I remember the old Star Trek episodes that began with distress calls from some poor spaceship stuck in the Neutral Zone, a vast negotiated area of neutral space designed to separate the Federation of Planets (the good guys) from the Klingons or the Romulans (the bad guys). For the most part, things never went well for the good guys stuck in the Neutral Zone. Captain Kirk, Mr. Spock, and the rest of the Star Trek crew had to fight their way out of many cunningly devised traps set for them by the Klingons and the Romulans in order to get back to safety.
It seems to me that for the past 18 months Pinnacle has also been stuck in the Neutral Zone. For us, the neutral zone is investing diversified portfolios so that they have the same volatility as our investment benchmarks. On a practical level, “neutral” means we haven’t taken a long or short position in risk assets relative to the benchmark. When we are in the neutral zone our incremental approach to changing portfolio asset allocation becomes even more…well….incremental. Small changes in asset class weightings take up a disproportionate amount of time relative to the size of the trades. The timing of even the smallest transactions becomes of paramount concern in the Neutral Zone because the smallest amount of gain or loss due to timing concerns can make huge differences in relative, if not absolute, returns.

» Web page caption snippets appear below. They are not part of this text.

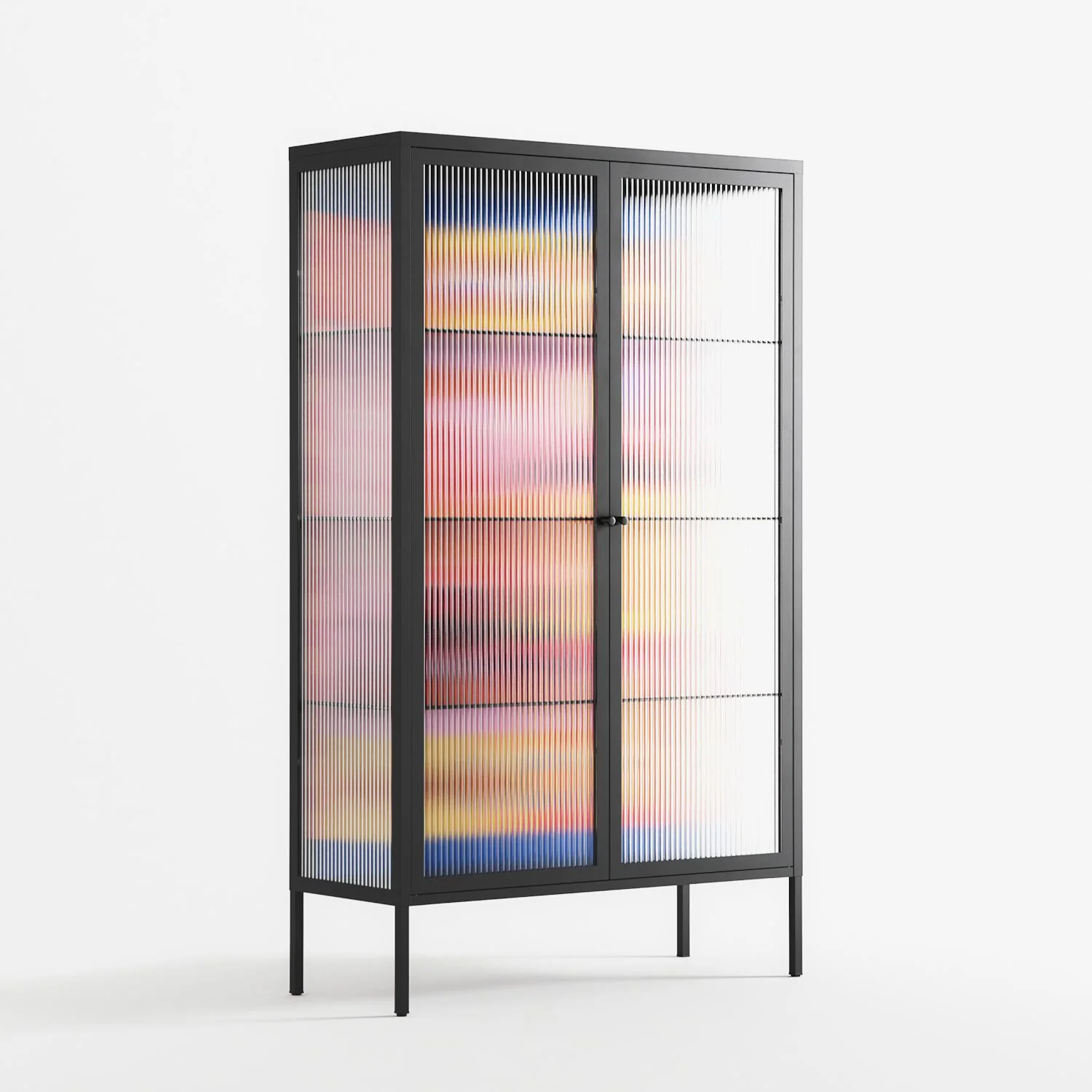 Yoga - Cabinet - Heather Zhou - Antracite - Reeded glass - Image 4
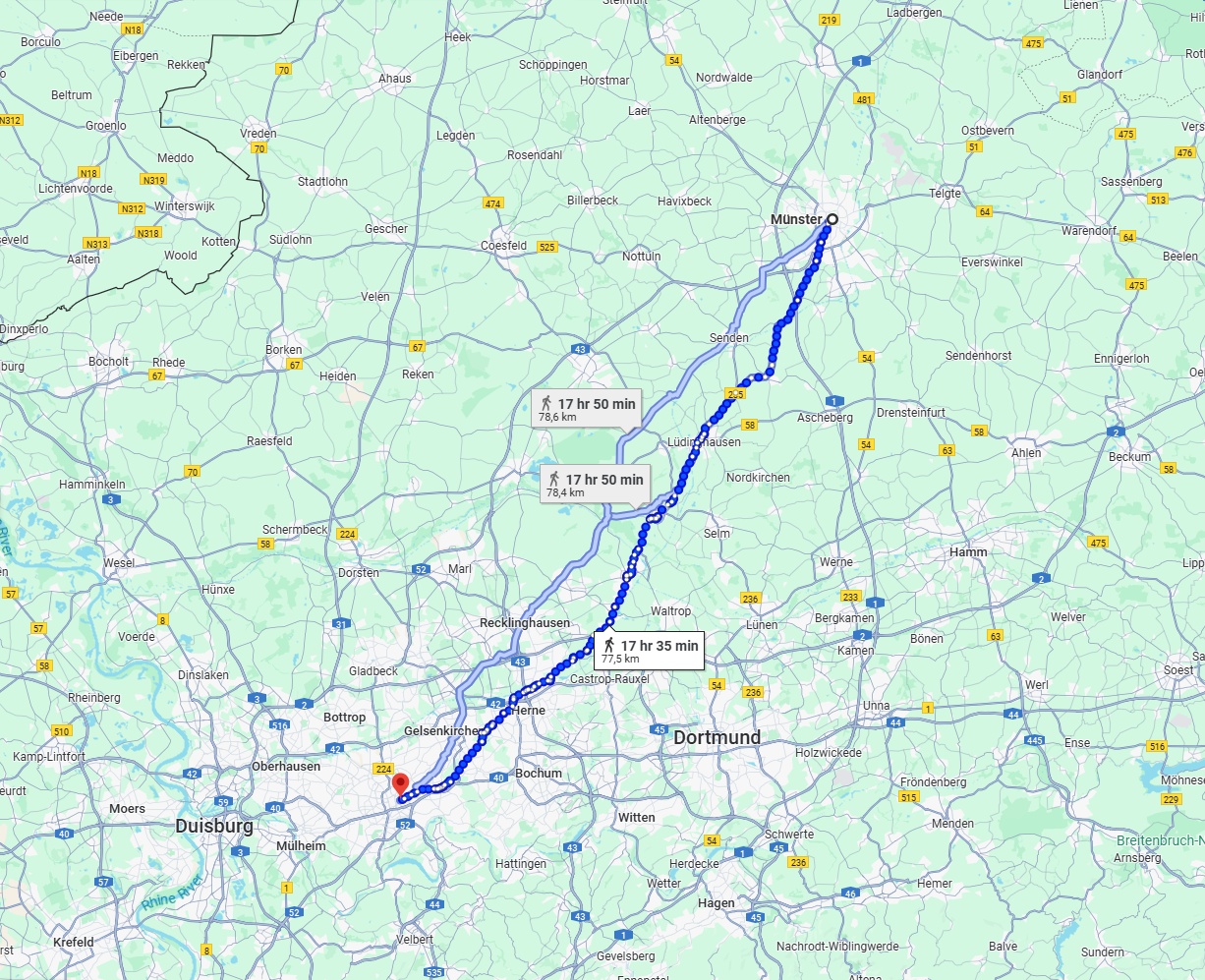 Anreise von Münster Zu Essen Über 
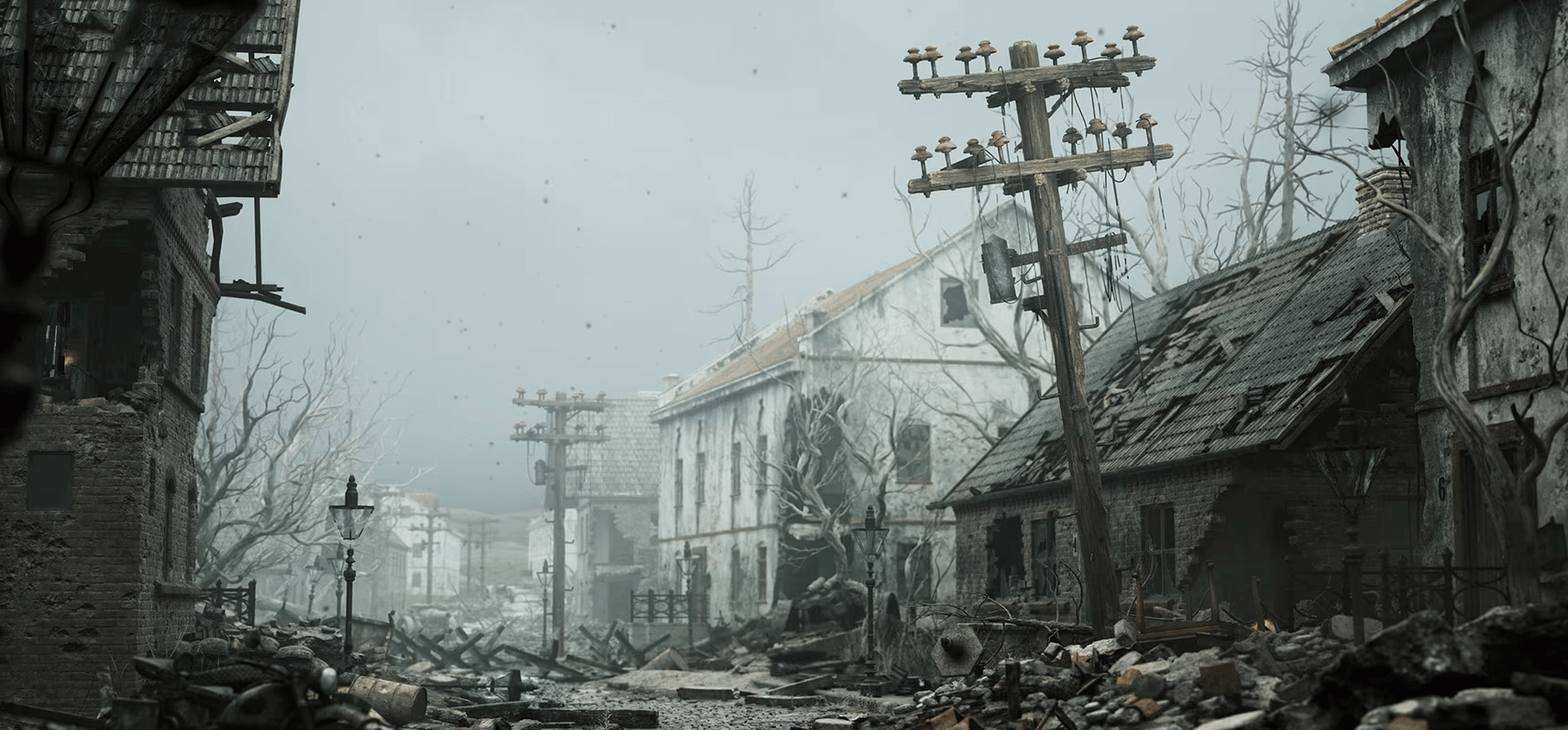 【UE4/5】二战战区环境超级包 （ 被破坏的建筑物  道具 ） – WW2 Warzone Environment Megapack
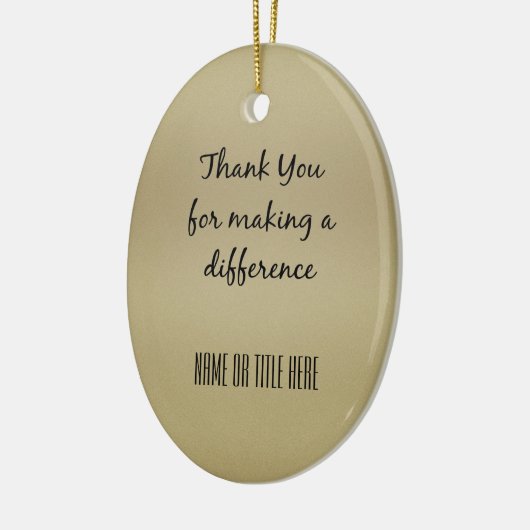 Bedankt dat je een verschil hebt gemaakt keramisch ornament (Links)
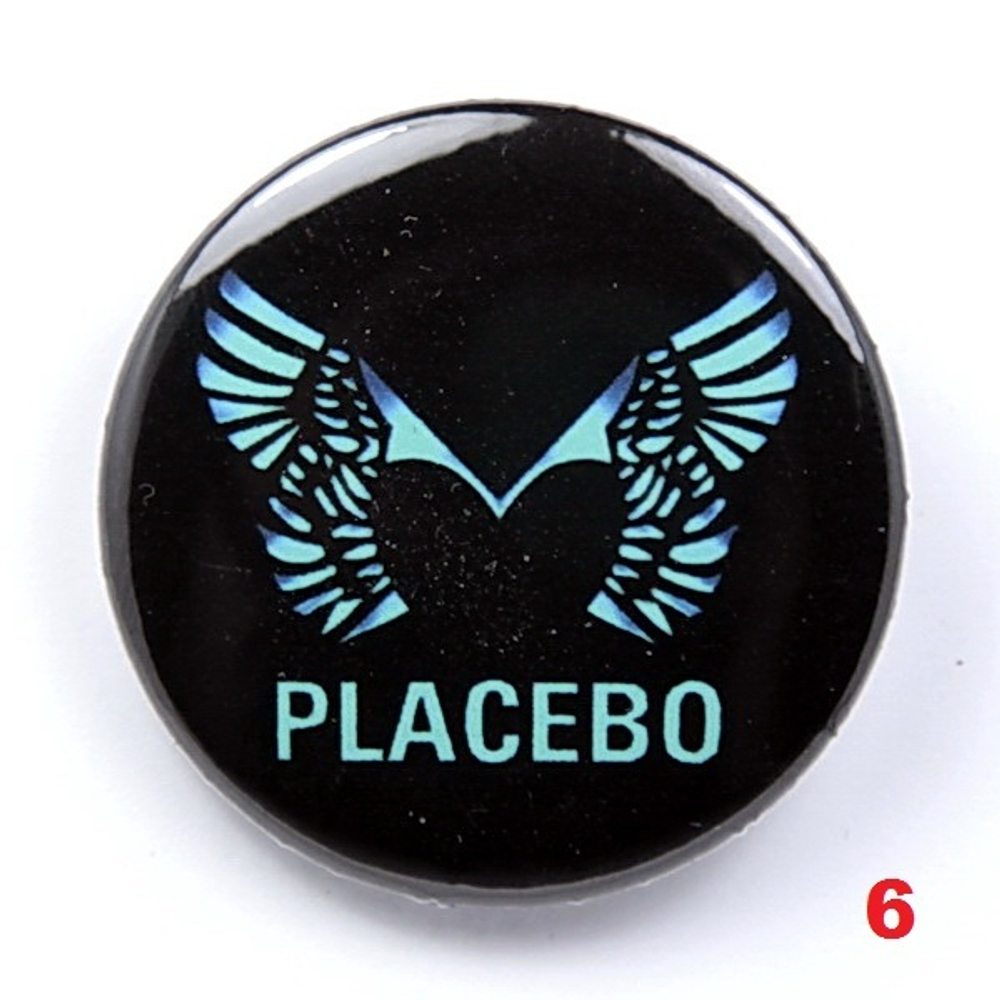 Значок Placebo 36 мм ( в ассортименте )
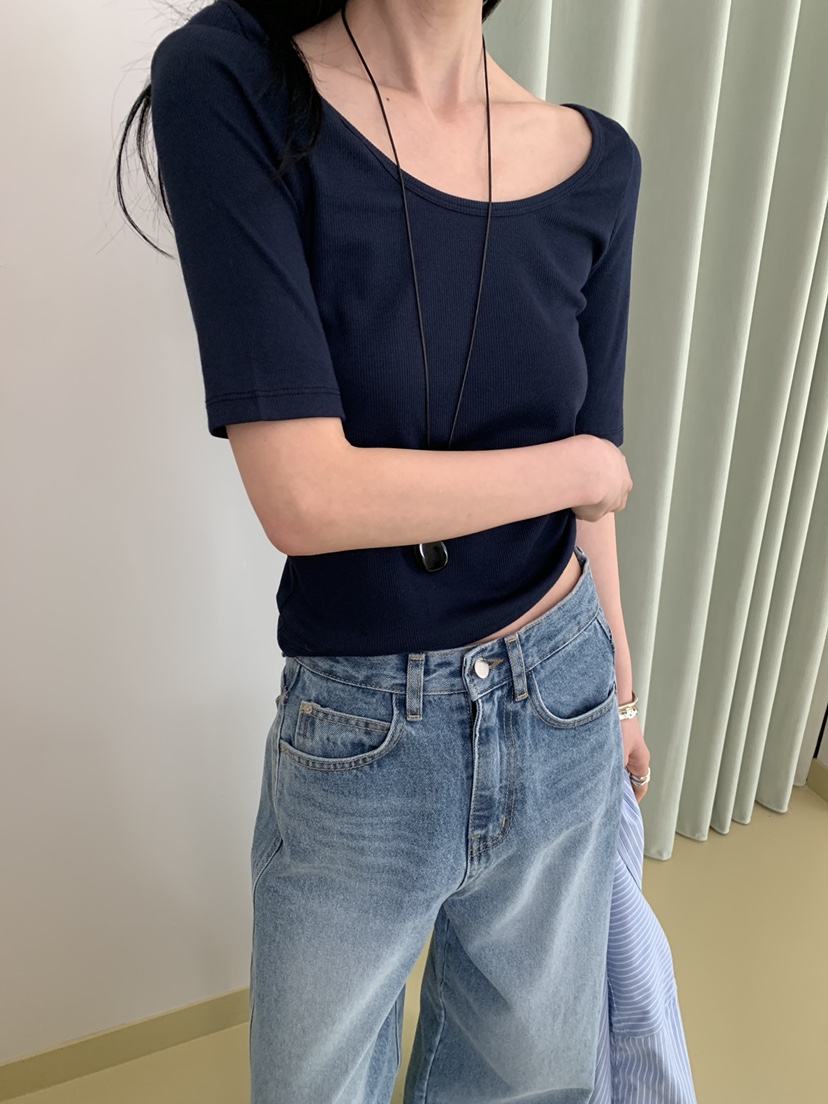 MOVENNE韓國直郵女士新款真品休閑時尚熱賣26春夏職業T恤MOVENNET恤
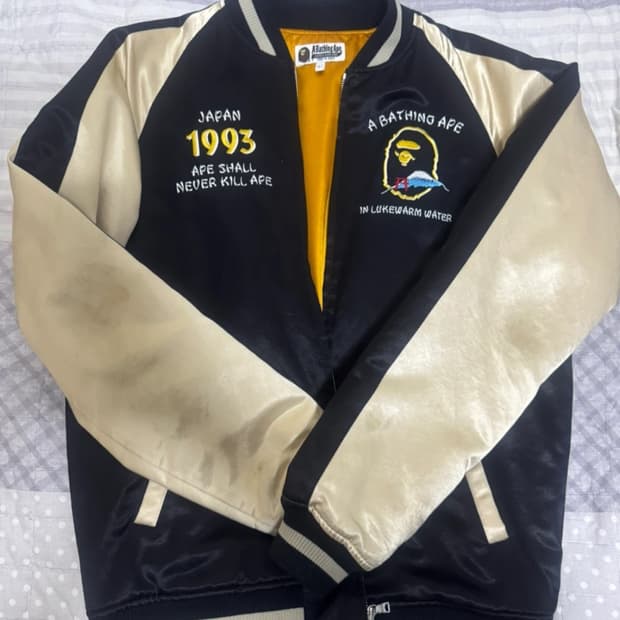 베이프 스카잔 수베니어 자켓 L사이즈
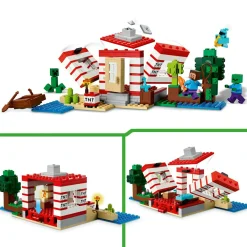 Lego minecraft 21275 casa giungla esplosiva: tnt, barca, 3 pers. 8+><noscript><img width=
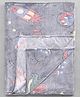 Babyhug Glow in the Dark Blanket Dino in Space Theme - Grey| Soft Microfiber Polyester| Skin Friendly| Lightweight & Cozy| Machine Washable| Ideal for Bedtime, Travel & Gifting| Newborn & Toddler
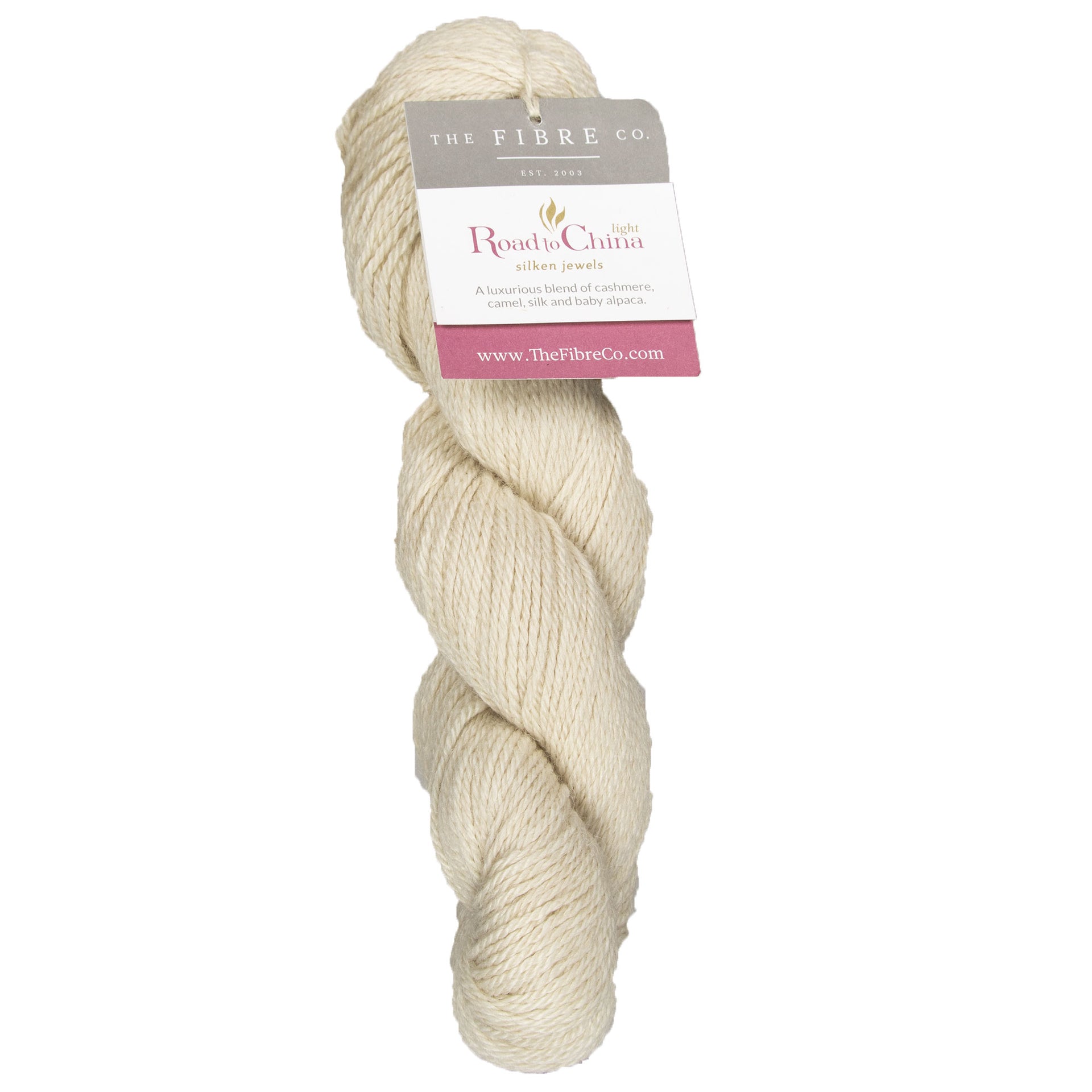The Fibre Co. Road to China Light Yarn - 220 Mother of Pearl - Zoom Image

The importance of investment selection is also magnified when we are neutral to our benchmarks for similar reasons. When our analysts do not make a large relative bet regarding portfolio risk, then all of the nuances of portfolio construction and management become magnified. When you are stuck in the Neutral Zone, owning cash at 0% interest is a major concern. Eclectic managers who underperform for relatively short time periods also become a major concern.
The two worst enemies in the Pinnacle neutral zone are 1) a loss of perspective as analysts become overly focused on incremental decisions, and 2) problems with correlations. Yes, once again I’m carrying on about how asset class correlation can play havoc with short-term portfolio risk and reward assumptions. In the neutral zone any and all of the alternative investments in the portfolio can betray you because by definition their performance can zig and zag differently from the benchmark asset classes at any time. If you are trying to beat a relative benchmark, I suggest you hope for an encounter with Klingons or Romulans, because if you are unfortunate enough to run into peak correlations in the Neutral Zone, your chances of survival are limited.